I have an e-version of the BMCR report, and will try to have it put up in the
Darwin-L archives shortly for people to retrieve if they like.  If anyone is
interested in experimenting with the available systematics software I would
recommend getting a copy of _MacClade_, another such program that permits
interactive analysis of trees and comes with an excellent introductory manual
on cladistic analysis.  (PAUP itself is probably a bit stiff for beginners.)
The citation for MacClade is:

Maddison, Wayne P., & David R. Maddison.  1992.  _MacClade: Analysis of
Phylogeny and Character Evolution_, Version 3.  Sunderland, Massachusetts:
Sinauer Associates.  (ISBN 0-87893-490-1)
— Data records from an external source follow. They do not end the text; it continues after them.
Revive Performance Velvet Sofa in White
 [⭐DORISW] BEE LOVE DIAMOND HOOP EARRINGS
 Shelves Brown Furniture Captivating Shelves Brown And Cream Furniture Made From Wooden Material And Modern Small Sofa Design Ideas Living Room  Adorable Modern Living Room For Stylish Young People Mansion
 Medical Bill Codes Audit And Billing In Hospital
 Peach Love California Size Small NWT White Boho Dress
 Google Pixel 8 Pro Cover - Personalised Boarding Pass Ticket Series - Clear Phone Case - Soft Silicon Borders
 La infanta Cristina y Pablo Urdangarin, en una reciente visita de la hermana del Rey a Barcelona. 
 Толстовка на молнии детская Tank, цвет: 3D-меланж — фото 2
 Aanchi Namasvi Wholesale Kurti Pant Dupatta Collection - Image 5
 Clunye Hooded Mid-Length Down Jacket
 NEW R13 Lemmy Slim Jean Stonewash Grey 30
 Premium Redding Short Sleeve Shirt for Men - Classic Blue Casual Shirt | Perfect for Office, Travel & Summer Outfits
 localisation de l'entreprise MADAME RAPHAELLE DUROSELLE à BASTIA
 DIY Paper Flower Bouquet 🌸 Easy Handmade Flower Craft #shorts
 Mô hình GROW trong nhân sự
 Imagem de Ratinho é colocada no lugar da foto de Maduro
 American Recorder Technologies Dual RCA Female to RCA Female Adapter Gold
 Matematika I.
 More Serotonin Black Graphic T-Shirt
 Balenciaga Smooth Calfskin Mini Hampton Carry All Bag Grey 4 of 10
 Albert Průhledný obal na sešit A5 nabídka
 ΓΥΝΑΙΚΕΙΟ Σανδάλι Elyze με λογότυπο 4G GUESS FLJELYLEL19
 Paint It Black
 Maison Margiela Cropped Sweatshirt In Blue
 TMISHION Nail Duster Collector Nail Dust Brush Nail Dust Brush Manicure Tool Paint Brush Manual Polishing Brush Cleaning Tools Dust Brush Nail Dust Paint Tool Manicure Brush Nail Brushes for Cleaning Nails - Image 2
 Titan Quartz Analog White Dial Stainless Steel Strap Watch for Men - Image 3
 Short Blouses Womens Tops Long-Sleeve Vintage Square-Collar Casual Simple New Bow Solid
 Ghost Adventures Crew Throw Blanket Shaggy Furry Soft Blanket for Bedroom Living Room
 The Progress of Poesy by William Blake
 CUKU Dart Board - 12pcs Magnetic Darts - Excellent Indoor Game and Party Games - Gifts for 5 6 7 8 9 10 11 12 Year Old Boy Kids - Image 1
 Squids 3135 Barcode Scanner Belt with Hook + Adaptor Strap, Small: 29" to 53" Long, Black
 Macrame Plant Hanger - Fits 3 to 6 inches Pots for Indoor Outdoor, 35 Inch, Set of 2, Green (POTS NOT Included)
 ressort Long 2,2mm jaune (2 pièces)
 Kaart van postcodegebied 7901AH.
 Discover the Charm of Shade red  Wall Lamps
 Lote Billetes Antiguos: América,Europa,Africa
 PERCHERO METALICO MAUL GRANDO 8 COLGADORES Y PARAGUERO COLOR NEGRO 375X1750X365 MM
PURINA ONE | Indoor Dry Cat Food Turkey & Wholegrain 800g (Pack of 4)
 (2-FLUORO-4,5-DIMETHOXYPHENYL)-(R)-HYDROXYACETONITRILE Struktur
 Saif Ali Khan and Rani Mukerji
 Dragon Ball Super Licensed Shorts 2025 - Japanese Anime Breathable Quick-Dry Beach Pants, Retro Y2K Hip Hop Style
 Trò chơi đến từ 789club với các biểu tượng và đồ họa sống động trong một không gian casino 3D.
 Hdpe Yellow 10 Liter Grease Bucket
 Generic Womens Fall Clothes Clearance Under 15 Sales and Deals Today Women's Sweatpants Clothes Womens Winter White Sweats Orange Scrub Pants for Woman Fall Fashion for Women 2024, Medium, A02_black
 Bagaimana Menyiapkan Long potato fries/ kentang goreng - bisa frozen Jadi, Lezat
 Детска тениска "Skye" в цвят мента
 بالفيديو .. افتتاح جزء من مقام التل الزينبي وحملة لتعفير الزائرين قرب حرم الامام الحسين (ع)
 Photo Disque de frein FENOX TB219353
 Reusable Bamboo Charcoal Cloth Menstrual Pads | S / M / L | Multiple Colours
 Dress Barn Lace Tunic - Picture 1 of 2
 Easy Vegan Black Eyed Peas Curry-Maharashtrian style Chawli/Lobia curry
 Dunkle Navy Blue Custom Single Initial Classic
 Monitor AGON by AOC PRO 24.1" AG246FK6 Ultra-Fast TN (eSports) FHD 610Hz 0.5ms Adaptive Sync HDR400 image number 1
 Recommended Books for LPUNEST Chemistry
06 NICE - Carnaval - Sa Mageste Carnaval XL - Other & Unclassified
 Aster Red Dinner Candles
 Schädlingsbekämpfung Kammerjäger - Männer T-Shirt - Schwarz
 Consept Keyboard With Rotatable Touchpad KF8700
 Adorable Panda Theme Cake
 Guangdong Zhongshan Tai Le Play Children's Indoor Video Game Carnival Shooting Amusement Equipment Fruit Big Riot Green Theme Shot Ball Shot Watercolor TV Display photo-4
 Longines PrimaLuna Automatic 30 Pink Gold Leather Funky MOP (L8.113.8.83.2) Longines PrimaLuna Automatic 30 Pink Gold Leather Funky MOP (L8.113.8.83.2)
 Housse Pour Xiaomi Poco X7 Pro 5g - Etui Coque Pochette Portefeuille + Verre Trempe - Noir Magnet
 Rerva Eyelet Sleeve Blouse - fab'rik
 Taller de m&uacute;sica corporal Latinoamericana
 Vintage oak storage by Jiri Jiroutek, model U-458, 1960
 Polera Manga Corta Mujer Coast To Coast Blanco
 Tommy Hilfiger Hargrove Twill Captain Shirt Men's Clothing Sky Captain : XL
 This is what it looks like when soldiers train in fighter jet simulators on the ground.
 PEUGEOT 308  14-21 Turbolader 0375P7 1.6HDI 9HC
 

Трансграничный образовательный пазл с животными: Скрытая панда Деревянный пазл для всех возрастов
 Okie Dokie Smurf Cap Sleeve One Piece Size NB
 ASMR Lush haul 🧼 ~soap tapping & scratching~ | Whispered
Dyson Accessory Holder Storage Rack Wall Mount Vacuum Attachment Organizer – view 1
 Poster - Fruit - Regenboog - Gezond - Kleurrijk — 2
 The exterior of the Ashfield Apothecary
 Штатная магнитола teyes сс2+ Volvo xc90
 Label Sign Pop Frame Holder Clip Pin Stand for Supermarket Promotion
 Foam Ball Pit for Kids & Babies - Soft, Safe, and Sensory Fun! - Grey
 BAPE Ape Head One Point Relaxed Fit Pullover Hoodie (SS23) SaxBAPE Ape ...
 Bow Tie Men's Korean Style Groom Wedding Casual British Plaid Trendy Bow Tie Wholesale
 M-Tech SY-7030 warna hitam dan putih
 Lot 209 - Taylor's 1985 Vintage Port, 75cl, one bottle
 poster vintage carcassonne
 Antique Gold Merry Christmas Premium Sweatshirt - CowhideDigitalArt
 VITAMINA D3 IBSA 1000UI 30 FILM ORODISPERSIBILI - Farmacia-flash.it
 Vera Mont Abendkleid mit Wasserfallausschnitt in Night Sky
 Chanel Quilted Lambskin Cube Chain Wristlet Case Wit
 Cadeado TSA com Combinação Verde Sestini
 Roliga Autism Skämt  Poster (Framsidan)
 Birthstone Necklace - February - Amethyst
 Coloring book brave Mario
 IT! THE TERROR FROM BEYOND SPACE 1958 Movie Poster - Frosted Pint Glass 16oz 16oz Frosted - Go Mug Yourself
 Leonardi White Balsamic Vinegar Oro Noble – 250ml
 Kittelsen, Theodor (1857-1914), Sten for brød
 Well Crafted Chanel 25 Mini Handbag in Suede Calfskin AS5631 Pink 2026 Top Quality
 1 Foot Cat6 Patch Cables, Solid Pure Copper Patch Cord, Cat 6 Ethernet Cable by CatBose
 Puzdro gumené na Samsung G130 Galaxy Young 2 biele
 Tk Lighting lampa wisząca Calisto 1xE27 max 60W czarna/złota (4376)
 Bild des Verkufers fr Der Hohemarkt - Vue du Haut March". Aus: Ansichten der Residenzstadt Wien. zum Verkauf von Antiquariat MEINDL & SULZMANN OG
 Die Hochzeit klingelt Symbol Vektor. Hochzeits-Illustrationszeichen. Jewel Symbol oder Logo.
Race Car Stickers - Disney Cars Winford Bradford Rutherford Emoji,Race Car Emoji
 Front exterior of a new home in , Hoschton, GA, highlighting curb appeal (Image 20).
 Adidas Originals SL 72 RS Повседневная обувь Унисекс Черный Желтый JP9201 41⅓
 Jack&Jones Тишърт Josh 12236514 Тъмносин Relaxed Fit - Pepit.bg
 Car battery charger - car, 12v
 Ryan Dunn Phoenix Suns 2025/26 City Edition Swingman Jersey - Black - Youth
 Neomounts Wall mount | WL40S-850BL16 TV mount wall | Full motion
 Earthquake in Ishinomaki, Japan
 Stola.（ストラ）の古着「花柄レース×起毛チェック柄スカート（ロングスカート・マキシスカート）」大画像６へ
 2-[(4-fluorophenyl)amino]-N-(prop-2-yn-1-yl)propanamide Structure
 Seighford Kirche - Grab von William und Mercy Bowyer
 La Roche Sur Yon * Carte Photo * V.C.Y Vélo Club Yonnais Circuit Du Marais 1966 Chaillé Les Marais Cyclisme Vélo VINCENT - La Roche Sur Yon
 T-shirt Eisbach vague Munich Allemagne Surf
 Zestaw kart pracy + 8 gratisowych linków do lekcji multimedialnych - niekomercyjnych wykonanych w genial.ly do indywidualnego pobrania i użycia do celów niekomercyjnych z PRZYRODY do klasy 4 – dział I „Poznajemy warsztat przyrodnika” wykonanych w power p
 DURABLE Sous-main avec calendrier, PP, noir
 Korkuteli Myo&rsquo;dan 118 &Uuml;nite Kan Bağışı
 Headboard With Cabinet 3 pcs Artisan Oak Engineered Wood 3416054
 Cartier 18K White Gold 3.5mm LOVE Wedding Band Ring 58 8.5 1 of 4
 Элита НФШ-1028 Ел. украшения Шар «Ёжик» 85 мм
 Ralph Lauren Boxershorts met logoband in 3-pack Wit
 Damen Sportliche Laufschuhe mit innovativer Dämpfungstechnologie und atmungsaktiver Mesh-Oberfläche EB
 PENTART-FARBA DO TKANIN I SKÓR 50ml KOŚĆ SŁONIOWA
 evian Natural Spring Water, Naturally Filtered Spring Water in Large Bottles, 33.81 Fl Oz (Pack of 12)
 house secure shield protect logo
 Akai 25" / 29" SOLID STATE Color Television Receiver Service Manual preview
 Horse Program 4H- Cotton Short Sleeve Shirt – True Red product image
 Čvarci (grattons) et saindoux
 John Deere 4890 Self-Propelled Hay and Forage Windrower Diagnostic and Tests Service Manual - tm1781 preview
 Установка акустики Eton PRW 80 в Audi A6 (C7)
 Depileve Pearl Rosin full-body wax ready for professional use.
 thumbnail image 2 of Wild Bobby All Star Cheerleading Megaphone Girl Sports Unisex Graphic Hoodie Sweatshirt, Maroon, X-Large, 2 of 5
For people who haven't worked with programs like PAUP before, I append here a
sample of the output from Peter's data, just to show what it looks like. The
root of the tree (the ancestor) is to the left, and each endpoint (St, J, 11,
Gu, etc.) represents an individual Svipdagsmal manuscript.  The horizontal
length of each branch is proportional to the number of changes taking place
along it; the lengths of the vertical lines are arbitrary, and branches may be
rotated about nodes arbitrarily as well.  This tree is by no means correct in
all details; it is an estimate, and it could have been made more precise with
additional effort on our part.  Our interest in presenting it has just been to
show that even with no special attention to the coding of the data it was
possible very quickly to come close to the result Peter had obtained earlier.

      /---- St
      |         /--------- J
      |        /---70   /----- 11
      |        |  \----69 /--- Gu
      |      /----73    \68---- 682
      |      |   | /- 289
      |      |   \--72------- 4877
    /--84      |    71---- E
    | |   /---77   /------- L
    | |   |  |  74----- 47
    | |   |  |  75 S
    | |  /-----81  \---76 223
    | |  |  | /-------- He
    | |  |  \80      /-- 3633
    | \-83    \-------------79/--- 6
    |  |         78---- 818b
    |  |  /------- 1870
    |  \-82------ 34
    |               /--- Ha
    |              49---- 215
    |             /-51 /--------------- 818
   /-67             |  \50------ 934
   |  |            /-54  /----- 1689
   |  |            |  \---53  /- 5
   |  |         /---------55   \---52- 329
   |  |        /---56    \------- 636
   |  |    /--------57  \------ O
   |  |   /-58   \------- 1872
   |  |   |  \-------------- 2797
 /--48  |   |       /------ 1108
 | |  |   |      /-60 /---- 1111
 | |  |  /---65    /----61  \--59-- 165
 | |  |  |  | /---62   \------ 1869
 | |  |  |  | |  \---- 4
 | |  \-66  \--64   /----- 1609
 /47 |   |    \------63-- 1867
 | | |   \--------- 1491
 | | \------ P
44 |   /--------- 1109
|| | /45-- 773
|| \--46- 1492
|\------- 1868
\---- Ra

Bob O'Hara, Darwin-L list owner

Robert J. O'Hara (darwin@iris.uncg.edu)
Center for Critical Inquiry and Department of Biology
100 Foust Building, University of North Carolina at Greensboro
Greensboro, North Carolina 27412 U.S.A.